Greenspace, film January 9, 2012 By Jordan Sayle

"Protester" by T.J. Watt, Courtesy of Oscilloscope Laboratories

Protester by T.J. Watt, Courtesy of Oscilloscope Laboratories

title77 Is Anyone Listening?
When injustice occurs, is there anyone there to notice? That’s the question at the center of Marshall Curry’s documentary “If a Tree Falls,” in relation both to devastation to the environment that goes on unabated in the face of peaceful protest and to the terror prosecution of a generally mild-mannered man with a secret past involvement in acts of arson meant to put a dramatic end to that ecological harm. Curry, an Academy Award-nominated director, follows the story of Daniel McGowan, now serving a seven-year prison sentence for his actions as a member of the radical Earth Liberation Front, which was once branded by the Justice Department as the nation’s greatest domestic terrorism threat.
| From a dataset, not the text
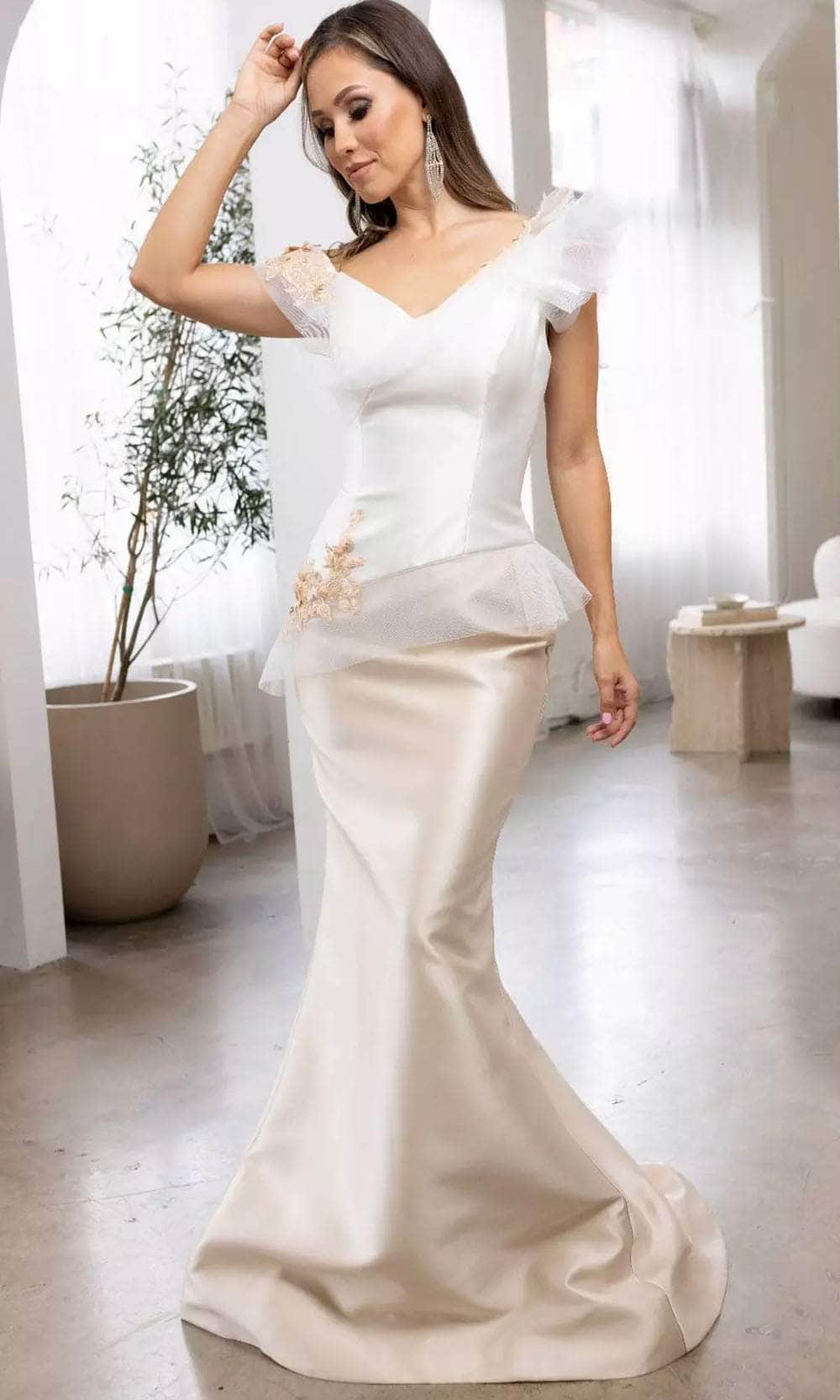 Terani Couture 241E2478 - Floral Embroidery Evening Dress Evening Dresses 00 / Ivory Champagne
But the filmmaker tells PLANET that if audiences bring an open mind to his latest film, (which itself has been shortlisted for this year’s Oscars), they’ll hear arguments about a conflict more nuanced than it might appear on its surface.
     “At the height of the movement, people had very heated passions,” Curry said in an interview, discussing the militant environmental activism that manifest itself in the mid-90’s.“ But I think in retrospect, whether it was members of the Earth Liberation Front like Daniel or whether it was the prosecutor who put them in prison, they ultimately saw the complexity in that story, and that’s what our goal was in making the film, to capture some of that complexity.”